From Kupang to the nearest point in Australia, Troughton Island, is about 300 miles, and this morning there was a 20 knot headwind. So our air distance over the sea was going to be around 370 miles if the wind did not drop.
At that time, Kupang airport had a busy life acting as the supply centre for the Non Governmental Organisations dealing with the East Timor refugee problem, and the place was littered with clapped out buses and trucks to prove it. Even so, the airport management had dealt fairly and efficiently with us, and we thanked them for having put the airport lights on for us.
“Your English very hard to understand on radio” the controller had explained gravely, as if suggesting that I take some further training. “My English I use a lot for UN planes arrival”.
“Your English very good” I assured him “and you save our lives last night”.

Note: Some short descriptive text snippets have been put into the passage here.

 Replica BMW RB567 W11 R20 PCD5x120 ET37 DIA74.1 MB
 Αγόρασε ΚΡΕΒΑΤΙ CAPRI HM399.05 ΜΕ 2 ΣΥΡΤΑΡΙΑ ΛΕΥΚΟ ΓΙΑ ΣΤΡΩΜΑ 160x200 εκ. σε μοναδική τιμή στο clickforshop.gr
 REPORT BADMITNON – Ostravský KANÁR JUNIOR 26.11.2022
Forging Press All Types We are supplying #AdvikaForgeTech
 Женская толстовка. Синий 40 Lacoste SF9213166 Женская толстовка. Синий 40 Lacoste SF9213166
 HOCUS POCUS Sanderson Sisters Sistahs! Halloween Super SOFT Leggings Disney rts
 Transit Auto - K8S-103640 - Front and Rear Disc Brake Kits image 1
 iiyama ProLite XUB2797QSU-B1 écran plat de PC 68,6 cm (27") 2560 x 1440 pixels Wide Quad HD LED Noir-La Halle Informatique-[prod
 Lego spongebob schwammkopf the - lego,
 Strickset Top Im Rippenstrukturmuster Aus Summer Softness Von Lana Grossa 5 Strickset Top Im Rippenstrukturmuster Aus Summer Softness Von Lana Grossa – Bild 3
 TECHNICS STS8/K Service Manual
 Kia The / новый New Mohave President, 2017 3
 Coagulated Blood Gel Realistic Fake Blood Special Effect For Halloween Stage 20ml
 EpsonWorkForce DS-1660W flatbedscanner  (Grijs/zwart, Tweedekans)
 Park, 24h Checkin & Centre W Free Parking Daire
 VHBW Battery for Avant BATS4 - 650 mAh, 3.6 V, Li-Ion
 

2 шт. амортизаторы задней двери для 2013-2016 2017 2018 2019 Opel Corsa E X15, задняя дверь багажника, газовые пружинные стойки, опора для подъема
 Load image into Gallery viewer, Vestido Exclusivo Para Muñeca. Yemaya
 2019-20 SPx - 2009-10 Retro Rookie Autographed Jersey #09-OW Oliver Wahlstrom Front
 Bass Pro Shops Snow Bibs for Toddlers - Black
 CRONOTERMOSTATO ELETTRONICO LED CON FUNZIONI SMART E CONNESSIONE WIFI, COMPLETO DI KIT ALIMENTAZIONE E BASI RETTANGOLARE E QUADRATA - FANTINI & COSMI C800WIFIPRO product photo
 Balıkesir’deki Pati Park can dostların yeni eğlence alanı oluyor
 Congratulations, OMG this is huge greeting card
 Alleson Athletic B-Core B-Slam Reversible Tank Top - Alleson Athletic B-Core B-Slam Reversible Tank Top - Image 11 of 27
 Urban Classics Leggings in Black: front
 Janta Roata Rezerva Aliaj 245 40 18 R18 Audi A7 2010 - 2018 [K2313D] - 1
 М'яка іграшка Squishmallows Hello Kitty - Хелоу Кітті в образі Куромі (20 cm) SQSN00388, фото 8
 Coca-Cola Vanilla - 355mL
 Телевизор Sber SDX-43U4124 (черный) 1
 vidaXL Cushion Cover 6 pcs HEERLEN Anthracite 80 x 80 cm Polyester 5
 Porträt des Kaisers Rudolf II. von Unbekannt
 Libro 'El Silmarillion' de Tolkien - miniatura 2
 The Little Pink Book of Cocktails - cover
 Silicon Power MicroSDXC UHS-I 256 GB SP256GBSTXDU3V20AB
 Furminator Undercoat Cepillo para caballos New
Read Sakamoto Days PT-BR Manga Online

He smiled in gratitude, and shook my hand in farewell.
We got away quickly, climbed over a small hill at the edge of the airport, and headed south-south-east over the sea. The drone of the engine was even and familiar to us, and we settled down for the hours ahead of us. We spent ten minutes chasing a group of sharks to get photographs, only to conclude that they were in fact dolphins.
We rehearsed slowly and carefully the procedures to adopt if we had engine failure; who was to get out first, what forward and vertical speeds we should try and touch the water at, should we open the passenger door on the way down or later, should we launch one liferaft or two, how could we remember to take our radio beacon and some water with us.